According to Bloomberg’s article, with information from an affidavit from Cotten’s wife Jennifer Robertson, the CEO took particular caution to secure and encrypt important information and passwords, and was the primary lead on dealing with and securing funds.
Robertson reportedly has tried to access the files, funds and records, but to no avail, according to court filings mentioned in Bloomberg’s report.
Notable crypto influencer and YouTuber Boxmining recently posted a video on the subject, noticing some of the lost assets allegedly have moved.
According to Boxmining,
Users are now chasing down where the cold storage wallets are – what the exact addresses are, and it turns out that one of these addresses has litecoin moved. So, that shouldn’t be possible if they lost complete access to the keys of the exchange. If this story is credible and true, then they can’t move this litecoin.”

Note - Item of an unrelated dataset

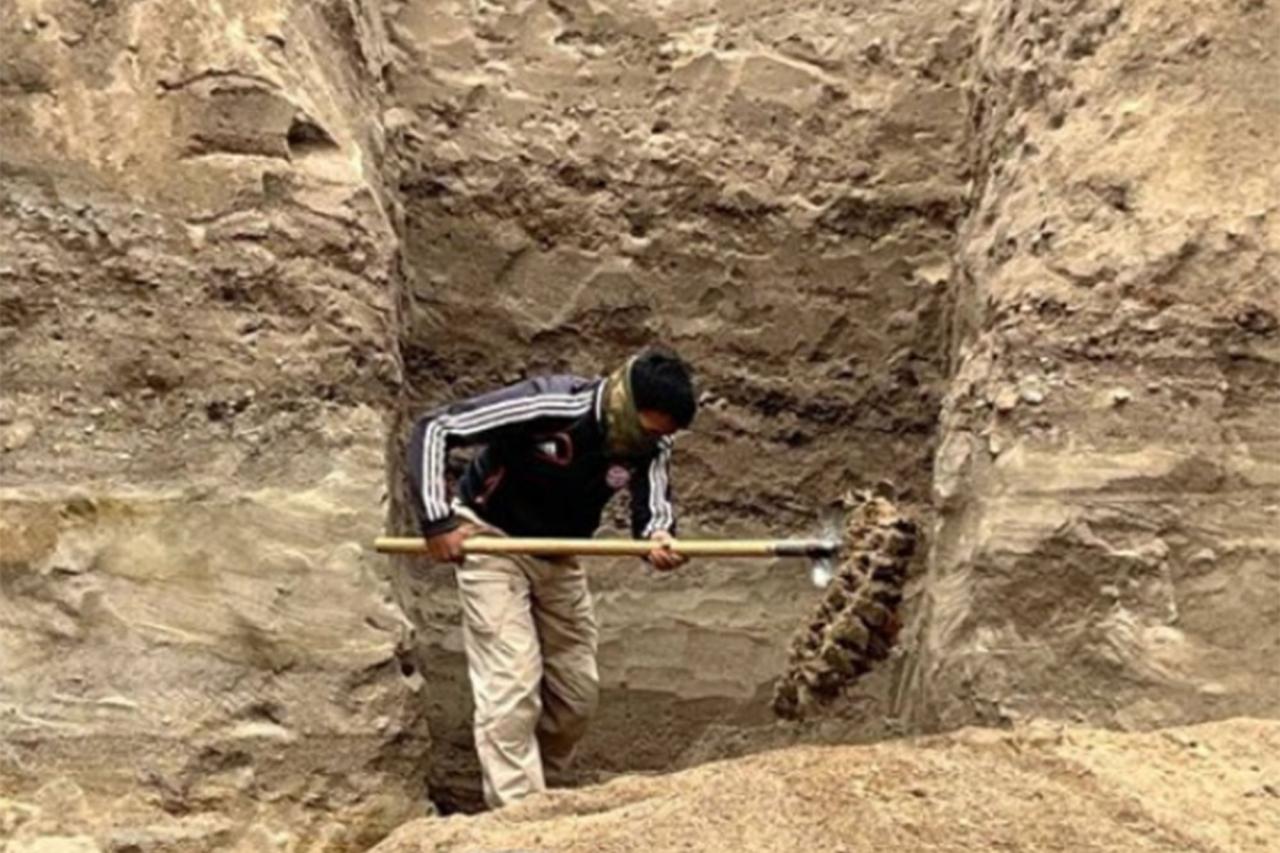 The remains of the ancient mammoth were found near the Jyrgalang River in Kyrgyzstan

Further information does not seem to add up. Boxmining referenced an article from Crypto.IQ on the topic of Cotten’s death details.
A death certificate was attached to the court document [QuadrigaCX’ court document], but it is not an official death certificate. It is a statement of death from a funeral home. QuadrigaCX users called the funeral home and did not receive an answer. The funeral home’s database did not have a record of Cotten’s death.”
The article also detailed Cotten allegedly was dealing with a legal battle with the Canadian Imperial Bank of Commerce (CIBC) when his death occurred.
Additionally, the article mentioned Cotten completed his will just two weeks prior to his death, leaving some of his funds and property to his dogs and wife.
Sensitive to Cotten’s death, as well as the situation, Boxmining stated in his video, “it’s a bit insensitive to be going into [investigating] someone who could potentially be dead, but at the same time, losing $149 million of other people’s funds leads to the question, you know, is this an exit scam?”
Boxmining also noted Cotten’s recent marriage, which Boxmining stated occurred just a month before Cotten’s death.